Strengths and limitations

The main strength of this study is that it is based on the analysis of the ReS database, which includes real-world data of about 5 million SSN beneficiaries who represent about the 8% of the Italian population and are likely representative of patients cared in the Italian clinical practice. Administrative data have been considered reliable for the identification of people with COPD [19], especially when potentially confounding patients with asthma or occasionally treated are excluded, like in this study. Therefore, this analysis has identified a fair number of patients with COPD and described their treatment in the Italian real-life clinical practice during the study periods, achieving the set aims.

However, certain limitations should be considered when interpreting the results. The use of in-hospital diagnoses among the selection criteria could have underestimated patients with COPD, and the use of dispensations of drugs for obstructive airway diseases could have misclassified this cohort. Given the lack of clinical parameters (e.g., EOS values and spirometry tests coming from electronic medical records or the primary care database), neither the correction of misclassified COPD cases nor the stratification by COPD severity could be done.

This was a descriptive retrospective cohort study that was aimed to describe patients treated with drugs for obstructive airway diseases through different strategies, especially by assessing the dispensation of TT and the potential switch from DT to TT. A further study could be designed to describe the direct escalation also from monotherapy to TT, which is a frequent practice worldwide, often inconsistent with clinical guidelines [29]. Moreover, the diagnosis based on which the prescribed drugs are reimbursed by the SSN is unknown; therefore, it is likely that a small number of drugs for obstructive airway diseases dispensed to the study population may not have been intended to treat COPD. Likewise, the use of only drug supplies (i.e., corticosteroids and antibiotics for systemic use) as a proxy of moderate exacerbation could have overestimated its rate. On the contrary, the use of in-hospital criteria as a proxy for severe exacerbation was likely more reliable to identify these cases.
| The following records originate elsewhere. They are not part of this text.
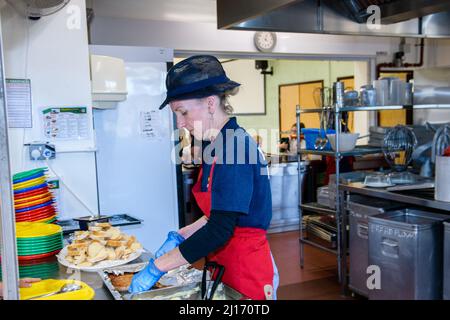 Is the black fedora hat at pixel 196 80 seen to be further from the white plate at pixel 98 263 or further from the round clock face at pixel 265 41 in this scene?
the round clock face at pixel 265 41

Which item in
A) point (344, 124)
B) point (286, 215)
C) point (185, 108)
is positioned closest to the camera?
point (185, 108)

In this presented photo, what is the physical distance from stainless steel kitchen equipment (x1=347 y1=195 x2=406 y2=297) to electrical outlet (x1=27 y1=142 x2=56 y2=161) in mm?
2202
As regards moderate exacerbation, we have chosen to define the moderate exacerbation through the association of corticosteroids and antibiotics because the absence of clinical parameters in the administrative data has led us to be as much restrictive as possible when the criteria (i.e., dispensation of drugs in this case) are not specific for the studied disease, and this association is a common Italian clinical practice.

The impact of the treatment strategies described and of the switch after an exacerbation on outcomes, such as exacerbation rate and survival, between users and non-users of TT was not provided. Indeed, the absence of clinical parameters (e.g., EOS values and results of spirometry tests) in the administrative database may lead to a challenging comparison and interpretation of these outcomes.